2.  Hospitalization.

3.  Aspirin.

a.  Used for antipyretic, anti-inflammatory, and antiplatelet effects.

b.  High-dose aspirin for at least 48 hours.

c.  Low-dose aspirin to complete 6-8 weeks of therapy if no coronary artery abnormalities.

d.  Aspirin continued indefinitely if coronary artery aneurysms, second antiplatelet agent may be added.

4.  IV immunoglobulin.

a.  Decreases incidence of coronary artery aneurysms.

b.  Mechanism of protection unknown.

c.  If fever persists > 36 hours after IVIG repeat IVIG dose.

H.  Follow up.

1.  Pediatric cardiology for echocardiographic evaluation of coronary artery aneurysms. Aneurysms may not develop until after acute stage of illness.

I.  Complications.

1.  Coronary artery aneurysms: develop in < 20% of individuals, fewer if treated with immunoglobulin.

2.  If coronary artery aneurysms develop, increased risk of coronary artery thrombosis, stenosis, and resultant myocardial infarction.

3.  May also develop valvular heart disease; mitral valve is affected more frequently than aortic valve.

4.  Pericarditis, myocarditis, pericardial effusion, congestive heart failure may occur.

5.  Can have development of vascular aneurysms elsewhere in body.

6.  Can have liver dysfunction from intrahepatic vasculitis.

J.  Education.

1.  Serious nature of illness.

2.  Importance of specialty care and follow up.

3.  Possibility of complications after initial phase of illness.

4.  Importance of adherence to prescribed medication: aspirin.

5.  Importance of not using aspirin to treat fever in other childhood illnesses: association with Reye's syndrome.

6.  Consider influenza vaccine due to association of Reye's syndrome with flulike illnesses and aspirin.

V.  RHEUMATIC FEVER

A.  Etiology.

1.  Complication of Group A beta-hemolytic streptococcal (GABHS) pharyngitis.

2.  Thought to be unique host factors that make certain individuals more susceptible to rheumatic fever after GABHS pharyngitis.
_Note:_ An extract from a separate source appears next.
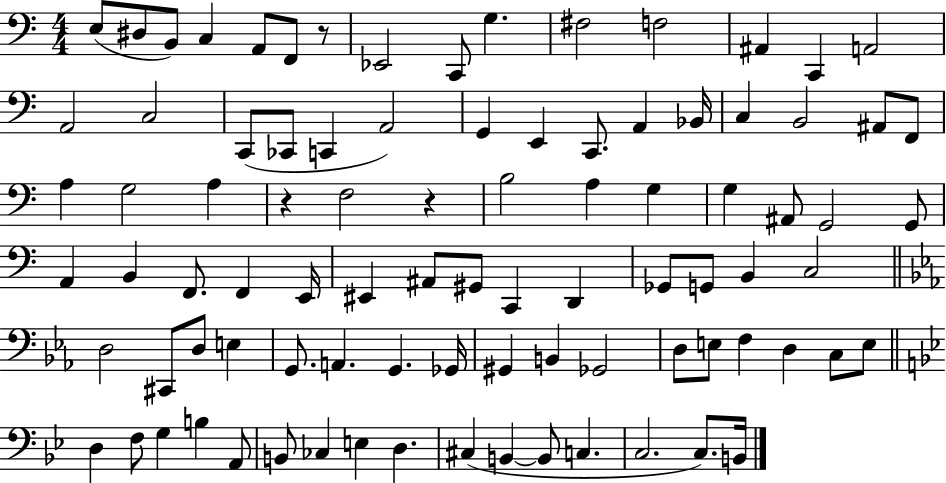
E3/e D#3/e B2/e C3/q A2/e F2/e R/e Eb2/h C2/e G3/q. F#3/h F3/h A#2/q C2/q A2/h A2/h C3/h C2/e CES2/e C2/q A2/h G2/q E2/q C2/e. A2/q Bb2/s C3/q B2/h A#2/e F2/e A3/q G3/h A3/q R/q F3/h R/q B3/h A3/q G3/q G3/q A#2/e G2/h G2/e A2/q B2/q F2/e. F2/q E2/s EIS2/q A#2/e G#2/e C2/q D2/q Gb2/e G2/e B2/q C3/h D3/h C#2/e D3/e E3/q G2/e. A2/q. G2/q. Gb2/s G#2/q B2/q Gb2/h D3/e E3/e F3/q D3/q C3/e E3/e D3/q F3/e G3/q B3/q A2/e B2/e CES3/q E3/q D3/q. C#3/q B2/q B2/e C3/q. C3/h. C3/e. B2/s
3.  Rheumatic fever is classified as collagen vascular disease or connective tissue disease resulting in diffuse vasculitis.

B.  Occurrence.

1.  Most common in underdeveloped countries but resurgence in United States.

2.  Occurs in 2-3% of patients with untreated GABHS.

3.  Rheumatic fever is rare in infants, toddlers. Most cases younger than 5 years of age.

C.  Clinical manifestations.

1.  Inflammation of joints and heart.

2.  Rarely, inflammation of brain and skin.

D.  Physical findings.

1.  Migratory polyarthritis.

a.  Occurs in 75% of initial episodes, 50% of recurrent episodes.

b.  Arthritis is typically of larger joints (knees, elbows, wrists, ankles).

c.  Each joint typically affected for < 1 week, often overlap so that more than 1 joint is affected at a time.

d.  Joints are painful to touch, red, swollen; painful with movement.

2.  Carditis.

a.  Up to 50% of patients with rheumatic fever have evidence of carditis.

b.  May manifest as myocarditis with poor function, valvular disease with audible murmur, pericarditis with friction rub, or as general symptoms of tachycardia, cardiomegaly, pulmonary edema, or symptoms of congestive heart failure.